Segment Start: DATASET CONTENT

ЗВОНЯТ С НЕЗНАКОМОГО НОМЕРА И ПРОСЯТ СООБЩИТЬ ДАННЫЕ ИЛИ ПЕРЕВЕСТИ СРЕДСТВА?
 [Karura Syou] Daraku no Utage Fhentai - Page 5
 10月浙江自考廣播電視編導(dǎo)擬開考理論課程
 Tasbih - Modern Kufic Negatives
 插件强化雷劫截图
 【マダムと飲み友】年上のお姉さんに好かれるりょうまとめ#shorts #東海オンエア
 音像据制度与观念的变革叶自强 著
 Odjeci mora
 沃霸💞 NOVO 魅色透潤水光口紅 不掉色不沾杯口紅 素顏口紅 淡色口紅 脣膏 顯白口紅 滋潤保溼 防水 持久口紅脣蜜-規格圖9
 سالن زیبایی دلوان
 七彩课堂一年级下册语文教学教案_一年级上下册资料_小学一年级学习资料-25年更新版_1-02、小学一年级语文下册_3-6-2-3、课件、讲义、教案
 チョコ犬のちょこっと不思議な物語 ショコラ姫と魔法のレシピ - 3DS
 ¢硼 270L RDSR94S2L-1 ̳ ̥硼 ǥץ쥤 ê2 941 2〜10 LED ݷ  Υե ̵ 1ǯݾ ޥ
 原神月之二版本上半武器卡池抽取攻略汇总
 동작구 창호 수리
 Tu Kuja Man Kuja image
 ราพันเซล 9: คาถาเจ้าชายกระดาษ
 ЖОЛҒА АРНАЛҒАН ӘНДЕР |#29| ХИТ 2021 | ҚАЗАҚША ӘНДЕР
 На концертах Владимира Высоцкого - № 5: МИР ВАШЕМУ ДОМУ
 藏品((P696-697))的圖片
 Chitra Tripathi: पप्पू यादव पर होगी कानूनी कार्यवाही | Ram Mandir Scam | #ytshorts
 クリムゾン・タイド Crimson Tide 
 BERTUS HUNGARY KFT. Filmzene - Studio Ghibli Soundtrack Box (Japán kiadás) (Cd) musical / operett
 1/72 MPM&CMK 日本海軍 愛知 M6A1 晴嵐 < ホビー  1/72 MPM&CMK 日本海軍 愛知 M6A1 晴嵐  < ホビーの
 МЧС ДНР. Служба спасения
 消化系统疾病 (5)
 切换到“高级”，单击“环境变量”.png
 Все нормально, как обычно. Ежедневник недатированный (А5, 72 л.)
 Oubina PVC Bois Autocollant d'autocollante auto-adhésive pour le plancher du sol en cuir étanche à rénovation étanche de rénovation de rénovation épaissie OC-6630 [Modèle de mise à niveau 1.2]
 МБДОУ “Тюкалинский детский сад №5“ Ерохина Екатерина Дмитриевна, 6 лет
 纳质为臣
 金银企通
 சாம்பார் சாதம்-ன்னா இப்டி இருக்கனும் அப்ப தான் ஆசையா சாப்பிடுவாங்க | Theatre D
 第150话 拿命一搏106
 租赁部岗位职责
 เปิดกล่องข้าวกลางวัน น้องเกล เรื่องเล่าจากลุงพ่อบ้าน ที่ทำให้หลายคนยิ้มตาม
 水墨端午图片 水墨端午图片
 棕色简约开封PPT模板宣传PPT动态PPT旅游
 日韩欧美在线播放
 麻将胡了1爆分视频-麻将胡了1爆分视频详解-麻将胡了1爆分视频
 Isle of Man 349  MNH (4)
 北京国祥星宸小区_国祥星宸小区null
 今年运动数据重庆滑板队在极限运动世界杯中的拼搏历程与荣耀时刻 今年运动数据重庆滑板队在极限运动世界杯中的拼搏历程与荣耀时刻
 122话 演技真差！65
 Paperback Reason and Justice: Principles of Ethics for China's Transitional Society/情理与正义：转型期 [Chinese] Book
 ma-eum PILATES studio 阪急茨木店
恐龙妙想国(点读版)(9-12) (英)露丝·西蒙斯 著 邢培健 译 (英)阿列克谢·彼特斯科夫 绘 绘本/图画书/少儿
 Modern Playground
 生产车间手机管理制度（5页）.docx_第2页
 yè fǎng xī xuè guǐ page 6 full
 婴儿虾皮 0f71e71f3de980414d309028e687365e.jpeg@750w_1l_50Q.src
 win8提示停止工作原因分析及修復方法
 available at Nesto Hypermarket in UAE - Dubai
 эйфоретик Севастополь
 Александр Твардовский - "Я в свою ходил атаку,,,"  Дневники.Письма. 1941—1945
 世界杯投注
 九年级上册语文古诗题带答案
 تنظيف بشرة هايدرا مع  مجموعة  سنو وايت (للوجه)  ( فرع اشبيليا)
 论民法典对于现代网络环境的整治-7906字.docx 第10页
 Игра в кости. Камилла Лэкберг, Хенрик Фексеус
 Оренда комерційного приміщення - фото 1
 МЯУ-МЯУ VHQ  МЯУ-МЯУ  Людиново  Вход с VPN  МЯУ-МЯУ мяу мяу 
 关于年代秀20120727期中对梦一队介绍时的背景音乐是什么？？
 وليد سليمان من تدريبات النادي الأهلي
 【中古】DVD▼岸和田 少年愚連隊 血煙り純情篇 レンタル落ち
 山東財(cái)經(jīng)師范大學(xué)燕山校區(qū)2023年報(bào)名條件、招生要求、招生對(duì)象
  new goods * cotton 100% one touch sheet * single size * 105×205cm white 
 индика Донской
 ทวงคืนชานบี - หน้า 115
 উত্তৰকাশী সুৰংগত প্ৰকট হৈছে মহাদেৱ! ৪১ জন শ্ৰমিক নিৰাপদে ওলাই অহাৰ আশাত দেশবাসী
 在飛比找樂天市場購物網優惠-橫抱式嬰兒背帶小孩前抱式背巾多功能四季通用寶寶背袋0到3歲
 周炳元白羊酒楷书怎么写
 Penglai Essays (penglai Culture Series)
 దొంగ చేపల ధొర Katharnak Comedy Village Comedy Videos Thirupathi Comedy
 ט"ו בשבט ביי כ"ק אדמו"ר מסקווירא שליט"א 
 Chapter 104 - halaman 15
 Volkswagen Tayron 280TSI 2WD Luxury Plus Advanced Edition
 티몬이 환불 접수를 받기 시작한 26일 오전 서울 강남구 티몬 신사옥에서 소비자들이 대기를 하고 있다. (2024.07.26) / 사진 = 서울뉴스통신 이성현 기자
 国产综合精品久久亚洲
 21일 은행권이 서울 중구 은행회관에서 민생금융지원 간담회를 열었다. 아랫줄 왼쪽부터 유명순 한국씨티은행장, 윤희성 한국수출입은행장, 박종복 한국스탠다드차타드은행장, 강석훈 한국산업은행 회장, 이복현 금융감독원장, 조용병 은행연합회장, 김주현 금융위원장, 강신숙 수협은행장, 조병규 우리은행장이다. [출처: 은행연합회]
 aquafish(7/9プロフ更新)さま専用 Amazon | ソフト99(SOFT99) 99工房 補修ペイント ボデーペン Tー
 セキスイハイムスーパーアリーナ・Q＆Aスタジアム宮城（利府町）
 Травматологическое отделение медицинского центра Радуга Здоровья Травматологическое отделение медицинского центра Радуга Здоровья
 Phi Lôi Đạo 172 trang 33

Segment End: DATASET CONTENT

▶ WHAT THE TASK REQUIRES: Every line of the listing is to be returned exactly as written.

▶ WRITTEN SOLUTION:
ЗВОНЯТ С НЕЗНАКОМОГО НОМЕРА И ПРОСЯТ СООБЩИТЬ ДАННЫЕ ИЛИ ПЕРЕВЕСТИ СРЕДСТВА?
 [Karura Syou] Daraku no Utage Fhentai - Page 5
 10月浙江自考廣播電視編導(dǎo)擬開考理論課程
 Tasbih - Modern Kufic Negatives
 插件强化雷劫截图
 【マダムと飲み友】年上のお姉さんに好かれるりょうまとめ#shorts #東海オンエア
 音像据制度与观念的变革叶自强 著
 Odjeci mora
 沃霸💞 NOVO 魅色透潤水光口紅 不掉色不沾杯口紅 素顏口紅 淡色口紅 脣膏 顯白口紅 滋潤保溼 防水 持久口紅脣蜜-規格圖9
 سالن زیبایی دلوان
 七彩课堂一年级下册语文教学教案_一年级上下册资料_小学一年级学习资料-25年更新版_1-02、小学一年级语文下册_3-6-2-3、课件、讲义、教案
 チョコ犬のちょこっと不思議な物語 ショコラ姫と魔法のレシピ - 3DS
 ¢硼 270L RDSR94S2L-1 ̳ ̥硼 ǥץ쥤 ê2 941 2〜10 LED ݷ  Υե ̵ 1ǯݾ ޥ
 原神月之二版本上半武器卡池抽取攻略汇总
 동작구 창호 수리
 Tu Kuja Man Kuja image
 ราพันเซล 9: คาถาเจ้าชายกระดาษ
 ЖОЛҒА АРНАЛҒАН ӘНДЕР |#29| ХИТ 2021 | ҚАЗАҚША ӘНДЕР
 На концертах Владимира Высоцкого - № 5: МИР ВАШЕМУ ДОМУ
 藏品((P696-697))的圖片
 Chitra Tripathi: पप्पू यादव पर होगी कानूनी कार्यवाही | Ram Mandir Scam | #ytshorts
 クリムゾン・タイド Crimson Tide 
 BERTUS HUNGARY KFT. Filmzene - Studio Ghibli Soundtrack Box (Japán kiadás) (Cd) musical / operett
 1/72 MPM&CMK 日本海軍 愛知 M6A1 晴嵐 < ホビー  1/72 MPM&CMK 日本海軍 愛知 M6A1 晴嵐  < ホビーの
 МЧС ДНР. Служба спасения
 消化系统疾病 (5)
 切换到“高级”，单击“环境变量”.png
 Все нормально, как обычно. Ежедневник недатированный (А5, 72 л.)
 Oubina PVC Bois Autocollant d'autocollante auto-adhésive pour le plancher du sol en cuir étanche à rénovation étanche de rénovation de rénovation épaissie OC-6630 [Modèle de mise à niveau 1.2]
 МБДОУ “Тюкалинский детский сад №5“ Ерохина Екатерина Дмитриевна, 6 лет
 纳质为臣
 金银企通
 சாம்பார் சாதம்-ன்னா இப்டி இருக்கனும் அப்ப தான் ஆசையா சாப்பிடுவாங்க | Theatre D
 第150话 拿命一搏106
 租赁部岗位职责
 เปิดกล่องข้าวกลางวัน น้องเกล เรื่องเล่าจากลุงพ่อบ้าน ที่ทำให้หลายคนยิ้มตาม
 水墨端午图片 水墨端午图片
 棕色简约开封PPT模板宣传PPT动态PPT旅游
 日韩欧美在线播放
 麻将胡了1爆分视频-麻将胡了1爆分视频详解-麻将胡了1爆分视频
 Isle of Man 349  MNH (4)
 北京国祥星宸小区_国祥星宸小区null
 今年运动数据重庆滑板队在极限运动世界杯中的拼搏历程与荣耀时刻 今年运动数据重庆滑板队在极限运动世界杯中的拼搏历程与荣耀时刻
 122话 演技真差！65
 Paperback Reason and Justice: Principles of Ethics for China's Transitional Society/情理与正义：转型期 [Chinese] Book
 ma-eum PILATES studio 阪急茨木店
恐龙妙想国(点读版)(9-12) (英)露丝·西蒙斯 著 邢培健 译 (英)阿列克谢·彼特斯科夫 绘 绘本/图画书/少儿
 Modern Playground
 生产车间手机管理制度（5页）.docx_第2页
 yè fǎng xī xuè guǐ page 6 full
 婴儿虾皮 0f71e71f3de980414d309028e687365e.jpeg@750w_1l_50Q.src
 win8提示停止工作原因分析及修復方法
 available at Nesto Hypermarket in UAE - Dubai
 эйфоретик Севастополь
 Александр Твардовский - "Я в свою ходил атаку,,,"  Дневники.Письма. 1941—1945
 世界杯投注
 九年级上册语文古诗题带答案
 تنظيف بشرة هايدرا مع  مجموعة  سنو وايت (للوجه)  ( فرع اشبيليا)
 论民法典对于现代网络环境的整治-7906字.docx 第10页
 Игра в кости. Камилла Лэкберг, Хенрик Фексеус
 Оренда комерційного приміщення - фото 1
 МЯУ-МЯУ VHQ  МЯУ-МЯУ  Людиново  Вход с VPN  МЯУ-МЯУ мяу мяу 
 关于年代秀20120727期中对梦一队介绍时的背景音乐是什么？？
 وليد سليمان من تدريبات النادي الأهلي
 【中古】DVD▼岸和田 少年愚連隊 血煙り純情篇 レンタル落ち
 山東財(cái)經(jīng)師范大學(xué)燕山校區(qū)2023年報(bào)名條件、招生要求、招生對(duì)象
  new goods * cotton 100% one touch sheet * single size * 105×205cm white 
 индика Донской
 ทวงคืนชานบี - หน้า 115
 উত্তৰকাশী সুৰংগত প্ৰকট হৈছে মহাদেৱ! ৪১ জন শ্ৰমিক নিৰাপদে ওলাই অহাৰ আশাত দেশবাসী
 在飛比找樂天市場購物網優惠-橫抱式嬰兒背帶小孩前抱式背巾多功能四季通用寶寶背袋0到3歲
 周炳元白羊酒楷书怎么写
 Penglai Essays (penglai Culture Series)
 దొంగ చేపల ధొర Katharnak Comedy Village Comedy Videos Thirupathi Comedy
 ט"ו בשבט ביי כ"ק אדמו"ר מסקווירא שליט"א 
 Chapter 104 - halaman 15
 Volkswagen Tayron 280TSI 2WD Luxury Plus Advanced Edition
 티몬이 환불 접수를 받기 시작한 26일 오전 서울 강남구 티몬 신사옥에서 소비자들이 대기를 하고 있다. (2024.07.26) / 사진 = 서울뉴스통신 이성현 기자
 国产综合精品久久亚洲
 21일 은행권이 서울 중구 은행회관에서 민생금융지원 간담회를 열었다. 아랫줄 왼쪽부터 유명순 한국씨티은행장, 윤희성 한국수출입은행장, 박종복 한국스탠다드차타드은행장, 강석훈 한국산업은행 회장, 이복현 금융감독원장, 조용병 은행연합회장, 김주현 금융위원장, 강신숙 수협은행장, 조병규 우리은행장이다. [출처: 은행연합회]
 aquafish(7/9プロフ更新)さま専用 Amazon | ソフト99(SOFT99) 99工房 補修ペイント ボデーペン Tー
 セキスイハイムスーパーアリーナ・Q＆Aスタジアム宮城（利府町）
 Травматологическое отделение медицинского центра Радуга Здоровья Травматологическое отделение медицинского центра Радуга Здоровья
 Phi Lôi Đạo 172 trang 33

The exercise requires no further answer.